[[ Entries supplied open ]]
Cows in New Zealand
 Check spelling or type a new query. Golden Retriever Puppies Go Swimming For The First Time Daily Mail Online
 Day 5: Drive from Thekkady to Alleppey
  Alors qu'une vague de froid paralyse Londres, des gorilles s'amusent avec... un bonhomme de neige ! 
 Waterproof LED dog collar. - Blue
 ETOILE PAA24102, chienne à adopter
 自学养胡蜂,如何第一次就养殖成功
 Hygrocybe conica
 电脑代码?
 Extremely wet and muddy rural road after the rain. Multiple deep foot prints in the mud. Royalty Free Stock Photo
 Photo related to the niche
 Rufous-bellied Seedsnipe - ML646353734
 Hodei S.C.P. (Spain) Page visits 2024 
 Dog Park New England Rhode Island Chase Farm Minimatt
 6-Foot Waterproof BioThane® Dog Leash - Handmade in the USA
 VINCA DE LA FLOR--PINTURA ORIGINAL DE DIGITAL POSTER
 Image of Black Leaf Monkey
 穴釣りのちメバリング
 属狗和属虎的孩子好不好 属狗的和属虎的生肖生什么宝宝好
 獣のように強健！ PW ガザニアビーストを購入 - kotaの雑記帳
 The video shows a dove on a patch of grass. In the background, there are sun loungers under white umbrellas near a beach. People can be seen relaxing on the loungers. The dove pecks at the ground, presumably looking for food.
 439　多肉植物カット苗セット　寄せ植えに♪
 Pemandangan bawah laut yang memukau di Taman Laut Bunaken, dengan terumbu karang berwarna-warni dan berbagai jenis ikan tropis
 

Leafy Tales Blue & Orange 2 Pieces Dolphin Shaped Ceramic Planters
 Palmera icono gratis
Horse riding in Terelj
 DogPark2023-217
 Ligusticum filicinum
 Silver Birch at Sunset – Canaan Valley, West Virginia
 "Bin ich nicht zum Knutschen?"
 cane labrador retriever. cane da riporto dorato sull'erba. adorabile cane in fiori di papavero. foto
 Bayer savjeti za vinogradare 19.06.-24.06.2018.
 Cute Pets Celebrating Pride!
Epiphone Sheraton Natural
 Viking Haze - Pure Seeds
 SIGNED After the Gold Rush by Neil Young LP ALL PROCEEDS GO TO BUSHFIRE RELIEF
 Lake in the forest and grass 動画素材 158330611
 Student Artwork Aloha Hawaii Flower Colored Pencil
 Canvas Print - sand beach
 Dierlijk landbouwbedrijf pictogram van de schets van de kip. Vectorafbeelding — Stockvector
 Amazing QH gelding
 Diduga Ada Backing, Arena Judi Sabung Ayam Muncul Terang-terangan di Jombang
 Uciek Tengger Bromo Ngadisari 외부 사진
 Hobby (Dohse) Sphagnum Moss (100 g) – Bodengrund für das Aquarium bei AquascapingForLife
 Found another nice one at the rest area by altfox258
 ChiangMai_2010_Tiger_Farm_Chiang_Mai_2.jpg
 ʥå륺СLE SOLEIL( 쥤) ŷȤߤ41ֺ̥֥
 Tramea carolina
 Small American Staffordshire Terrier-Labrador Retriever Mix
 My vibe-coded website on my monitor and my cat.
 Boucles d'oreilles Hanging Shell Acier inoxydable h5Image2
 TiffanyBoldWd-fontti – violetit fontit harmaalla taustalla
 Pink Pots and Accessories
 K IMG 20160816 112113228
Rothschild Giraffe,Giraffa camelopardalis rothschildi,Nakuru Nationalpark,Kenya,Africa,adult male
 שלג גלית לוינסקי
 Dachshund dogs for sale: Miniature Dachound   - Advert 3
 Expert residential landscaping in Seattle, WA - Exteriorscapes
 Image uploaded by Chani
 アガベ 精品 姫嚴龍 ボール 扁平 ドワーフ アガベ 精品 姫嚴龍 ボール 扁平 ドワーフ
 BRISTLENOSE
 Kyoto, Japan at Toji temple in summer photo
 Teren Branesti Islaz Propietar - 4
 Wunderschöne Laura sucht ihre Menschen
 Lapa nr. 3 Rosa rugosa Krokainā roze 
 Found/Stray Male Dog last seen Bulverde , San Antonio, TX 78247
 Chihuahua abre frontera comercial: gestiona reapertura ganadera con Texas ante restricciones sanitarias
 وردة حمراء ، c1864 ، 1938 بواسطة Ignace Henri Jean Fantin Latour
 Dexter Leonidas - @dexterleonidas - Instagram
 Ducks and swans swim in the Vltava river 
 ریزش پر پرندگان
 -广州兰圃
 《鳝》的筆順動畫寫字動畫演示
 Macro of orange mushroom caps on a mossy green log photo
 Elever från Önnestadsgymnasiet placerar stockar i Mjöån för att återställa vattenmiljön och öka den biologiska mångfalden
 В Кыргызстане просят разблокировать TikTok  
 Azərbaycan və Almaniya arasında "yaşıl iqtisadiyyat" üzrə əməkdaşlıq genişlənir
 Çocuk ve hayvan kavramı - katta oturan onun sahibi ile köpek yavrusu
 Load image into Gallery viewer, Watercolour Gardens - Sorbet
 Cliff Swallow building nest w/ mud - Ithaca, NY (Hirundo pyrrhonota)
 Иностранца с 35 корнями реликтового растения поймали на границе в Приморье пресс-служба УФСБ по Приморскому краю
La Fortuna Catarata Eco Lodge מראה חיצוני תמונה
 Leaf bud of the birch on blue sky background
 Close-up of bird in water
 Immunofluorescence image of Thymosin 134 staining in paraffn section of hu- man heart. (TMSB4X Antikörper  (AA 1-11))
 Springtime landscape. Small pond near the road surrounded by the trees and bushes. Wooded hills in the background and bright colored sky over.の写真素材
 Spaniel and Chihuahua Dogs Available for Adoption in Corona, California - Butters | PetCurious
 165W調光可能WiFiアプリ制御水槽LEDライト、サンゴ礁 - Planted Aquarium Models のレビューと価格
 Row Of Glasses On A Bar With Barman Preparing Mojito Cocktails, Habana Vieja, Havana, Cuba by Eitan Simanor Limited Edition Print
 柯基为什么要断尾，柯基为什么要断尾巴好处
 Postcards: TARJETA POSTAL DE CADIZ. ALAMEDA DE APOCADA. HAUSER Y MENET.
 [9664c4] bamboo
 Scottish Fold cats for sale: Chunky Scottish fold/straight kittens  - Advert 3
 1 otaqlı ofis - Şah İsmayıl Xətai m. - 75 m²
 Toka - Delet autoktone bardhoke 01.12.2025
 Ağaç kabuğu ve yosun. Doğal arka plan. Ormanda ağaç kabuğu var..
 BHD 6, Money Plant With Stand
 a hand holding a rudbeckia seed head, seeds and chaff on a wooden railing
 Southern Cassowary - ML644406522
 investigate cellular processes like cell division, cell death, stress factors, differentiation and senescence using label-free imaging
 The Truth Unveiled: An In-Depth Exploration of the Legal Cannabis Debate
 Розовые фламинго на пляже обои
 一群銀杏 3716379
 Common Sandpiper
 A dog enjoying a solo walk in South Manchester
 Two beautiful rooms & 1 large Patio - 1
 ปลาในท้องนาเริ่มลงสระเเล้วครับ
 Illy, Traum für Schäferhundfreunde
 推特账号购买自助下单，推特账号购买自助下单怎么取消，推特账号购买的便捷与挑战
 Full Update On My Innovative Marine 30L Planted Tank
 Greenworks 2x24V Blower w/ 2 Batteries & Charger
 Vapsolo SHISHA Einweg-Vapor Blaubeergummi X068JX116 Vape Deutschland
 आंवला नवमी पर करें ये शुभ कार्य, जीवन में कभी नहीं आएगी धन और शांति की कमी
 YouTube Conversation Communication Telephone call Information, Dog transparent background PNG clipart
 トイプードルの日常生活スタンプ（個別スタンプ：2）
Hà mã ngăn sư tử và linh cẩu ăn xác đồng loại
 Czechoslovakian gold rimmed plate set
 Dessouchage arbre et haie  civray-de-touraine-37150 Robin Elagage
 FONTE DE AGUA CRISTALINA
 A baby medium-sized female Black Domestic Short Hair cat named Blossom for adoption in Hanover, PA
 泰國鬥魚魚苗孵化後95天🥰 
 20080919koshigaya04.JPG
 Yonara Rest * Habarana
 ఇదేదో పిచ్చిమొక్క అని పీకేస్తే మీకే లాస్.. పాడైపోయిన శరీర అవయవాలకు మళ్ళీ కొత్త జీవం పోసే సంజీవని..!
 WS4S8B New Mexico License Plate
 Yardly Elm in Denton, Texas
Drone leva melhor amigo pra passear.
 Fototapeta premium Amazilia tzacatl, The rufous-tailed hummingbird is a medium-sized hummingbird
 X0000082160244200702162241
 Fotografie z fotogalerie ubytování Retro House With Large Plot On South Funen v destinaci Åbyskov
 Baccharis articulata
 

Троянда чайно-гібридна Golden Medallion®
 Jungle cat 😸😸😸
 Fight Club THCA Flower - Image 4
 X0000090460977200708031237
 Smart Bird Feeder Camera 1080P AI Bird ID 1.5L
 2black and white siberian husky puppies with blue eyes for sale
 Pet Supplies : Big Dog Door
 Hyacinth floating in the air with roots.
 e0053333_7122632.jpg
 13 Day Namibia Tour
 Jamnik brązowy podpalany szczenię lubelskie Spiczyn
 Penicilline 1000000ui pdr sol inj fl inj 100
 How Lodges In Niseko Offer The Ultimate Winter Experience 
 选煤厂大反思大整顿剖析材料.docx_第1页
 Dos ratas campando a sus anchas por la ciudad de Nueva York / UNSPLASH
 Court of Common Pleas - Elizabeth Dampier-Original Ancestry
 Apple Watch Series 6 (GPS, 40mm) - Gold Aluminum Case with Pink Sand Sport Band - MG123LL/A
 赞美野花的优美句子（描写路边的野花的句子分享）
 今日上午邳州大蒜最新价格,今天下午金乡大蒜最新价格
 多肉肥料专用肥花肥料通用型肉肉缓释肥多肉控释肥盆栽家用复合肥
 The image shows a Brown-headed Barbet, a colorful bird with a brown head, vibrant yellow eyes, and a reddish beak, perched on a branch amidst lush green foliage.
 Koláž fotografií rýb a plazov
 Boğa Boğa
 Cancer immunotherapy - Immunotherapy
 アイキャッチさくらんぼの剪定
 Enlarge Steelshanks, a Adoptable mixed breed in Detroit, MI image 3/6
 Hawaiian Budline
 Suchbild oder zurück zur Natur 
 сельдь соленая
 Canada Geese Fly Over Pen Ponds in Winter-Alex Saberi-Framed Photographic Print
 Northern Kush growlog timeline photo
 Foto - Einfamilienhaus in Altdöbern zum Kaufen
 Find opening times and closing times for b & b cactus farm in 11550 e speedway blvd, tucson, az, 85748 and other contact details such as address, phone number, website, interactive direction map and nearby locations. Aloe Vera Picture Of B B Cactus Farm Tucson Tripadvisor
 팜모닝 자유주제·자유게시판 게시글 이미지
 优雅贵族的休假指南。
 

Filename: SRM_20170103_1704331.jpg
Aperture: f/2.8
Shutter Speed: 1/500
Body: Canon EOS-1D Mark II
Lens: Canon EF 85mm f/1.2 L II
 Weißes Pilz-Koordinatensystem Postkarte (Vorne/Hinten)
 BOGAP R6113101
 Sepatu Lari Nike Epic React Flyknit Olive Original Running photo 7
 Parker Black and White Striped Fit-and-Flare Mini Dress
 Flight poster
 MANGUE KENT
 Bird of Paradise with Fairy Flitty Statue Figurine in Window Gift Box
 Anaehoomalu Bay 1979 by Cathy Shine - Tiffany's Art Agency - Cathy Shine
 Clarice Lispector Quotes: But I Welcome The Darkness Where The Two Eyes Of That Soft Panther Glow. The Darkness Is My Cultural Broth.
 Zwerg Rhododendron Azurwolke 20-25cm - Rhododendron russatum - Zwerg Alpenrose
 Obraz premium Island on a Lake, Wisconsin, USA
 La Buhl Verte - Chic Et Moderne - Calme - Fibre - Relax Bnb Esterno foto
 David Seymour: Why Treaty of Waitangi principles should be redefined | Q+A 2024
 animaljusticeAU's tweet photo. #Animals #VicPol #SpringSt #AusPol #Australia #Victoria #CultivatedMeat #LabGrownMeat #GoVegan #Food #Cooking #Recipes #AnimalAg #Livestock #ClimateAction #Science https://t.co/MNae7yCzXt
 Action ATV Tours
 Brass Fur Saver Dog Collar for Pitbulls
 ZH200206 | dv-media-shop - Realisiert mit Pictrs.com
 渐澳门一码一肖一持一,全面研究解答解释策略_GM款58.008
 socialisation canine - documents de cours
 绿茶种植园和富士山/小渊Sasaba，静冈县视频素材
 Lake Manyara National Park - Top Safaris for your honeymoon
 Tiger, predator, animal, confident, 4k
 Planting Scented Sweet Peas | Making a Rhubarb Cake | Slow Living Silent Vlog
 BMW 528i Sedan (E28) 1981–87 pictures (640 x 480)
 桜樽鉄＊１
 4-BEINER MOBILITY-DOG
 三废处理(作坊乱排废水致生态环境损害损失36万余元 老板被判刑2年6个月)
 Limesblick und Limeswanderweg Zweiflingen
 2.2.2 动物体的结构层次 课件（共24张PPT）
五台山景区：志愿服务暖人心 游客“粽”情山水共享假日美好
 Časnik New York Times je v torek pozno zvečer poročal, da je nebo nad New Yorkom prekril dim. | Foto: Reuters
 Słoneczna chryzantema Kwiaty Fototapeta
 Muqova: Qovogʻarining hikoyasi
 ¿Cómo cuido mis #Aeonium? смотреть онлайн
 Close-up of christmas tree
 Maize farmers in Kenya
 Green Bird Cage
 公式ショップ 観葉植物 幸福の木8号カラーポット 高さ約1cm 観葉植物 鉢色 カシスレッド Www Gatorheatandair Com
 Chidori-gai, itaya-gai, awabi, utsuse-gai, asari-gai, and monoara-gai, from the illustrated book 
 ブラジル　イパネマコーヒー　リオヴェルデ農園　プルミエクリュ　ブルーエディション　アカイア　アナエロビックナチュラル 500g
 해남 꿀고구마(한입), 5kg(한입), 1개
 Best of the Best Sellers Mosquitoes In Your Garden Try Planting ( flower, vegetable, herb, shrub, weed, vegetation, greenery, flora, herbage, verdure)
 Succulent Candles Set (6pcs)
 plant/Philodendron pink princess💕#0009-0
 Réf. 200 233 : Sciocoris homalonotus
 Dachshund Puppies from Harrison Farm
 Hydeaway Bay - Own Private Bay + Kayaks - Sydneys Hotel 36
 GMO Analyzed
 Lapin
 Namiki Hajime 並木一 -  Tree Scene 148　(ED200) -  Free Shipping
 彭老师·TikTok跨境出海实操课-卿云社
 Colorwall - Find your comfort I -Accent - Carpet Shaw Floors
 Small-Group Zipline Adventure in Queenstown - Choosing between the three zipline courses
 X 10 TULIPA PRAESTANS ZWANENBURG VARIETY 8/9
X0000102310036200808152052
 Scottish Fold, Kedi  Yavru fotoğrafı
[[ Entries supplied closed ]]
# Aim of the task
Send back an exact copy of only the lines from the line with "socialisation canine - documents de cours" up to and including the line with "彭老师·TikTok跨境出海实操课-卿云社" in the data above.

# Task solution
 socialisation canine - documents de cours
 绿茶种植园和富士山/小渊Sasaba，静冈县视频素材
 Lake Manyara National Park - Top Safaris for your honeymoon
 Tiger, predator, animal, confident, 4k
 Planting Scented Sweet Peas | Making a Rhubarb Cake | Slow Living Silent Vlog
 BMW 528i Sedan (E28) 1981–87 pictures (640 x 480)
 桜樽鉄＊１
 4-BEINER MOBILITY-DOG
 三废处理(作坊乱排废水致生态环境损害损失36万余元 老板被判刑2年6个月)
 Limesblick und Limeswanderweg Zweiflingen
 2.2.2 动物体的结构层次 课件（共24张PPT）
五台山景区：志愿服务暖人心 游客“粽”情山水共享假日美好
 Časnik New York Times je v torek pozno zvečer poročal, da je nebo nad New Yorkom prekril dim. | Foto: Reuters
 Słoneczna chryzantema Kwiaty Fototapeta
 Muqova: Qovogʻarining hikoyasi
 ¿Cómo cuido mis #Aeonium? смотреть онлайн
 Close-up of christmas tree
 Maize farmers in Kenya
 Green Bird Cage
 公式ショップ 観葉植物 幸福の木8号カラーポット 高さ約1cm 観葉植物 鉢色 カシスレッド Www Gatorheatandair Com
 Chidori-gai, itaya-gai, awabi, utsuse-gai, asari-gai, and monoara-gai, from the illustrated book 
 ブラジル　イパネマコーヒー　リオヴェルデ農園　プルミエクリュ　ブルーエディション　アカイア　アナエロビックナチュラル 500g
 해남 꿀고구마(한입), 5kg(한입), 1개
 Best of the Best Sellers Mosquitoes In Your Garden Try Planting ( flower, vegetable, herb, shrub, weed, vegetation, greenery, flora, herbage, verdure)
 Succulent Candles Set (6pcs)
 plant/Philodendron pink princess💕#0009-0
 Réf. 200 233 : Sciocoris homalonotus
 Dachshund Puppies from Harrison Farm
 Hydeaway Bay - Own Private Bay + Kayaks - Sydneys Hotel 36
 GMO Analyzed
 Lapin
 Namiki Hajime 並木一 -  Tree Scene 148　(ED200) -  Free Shipping
 彭老师·TikTok跨境出海实操课-卿云社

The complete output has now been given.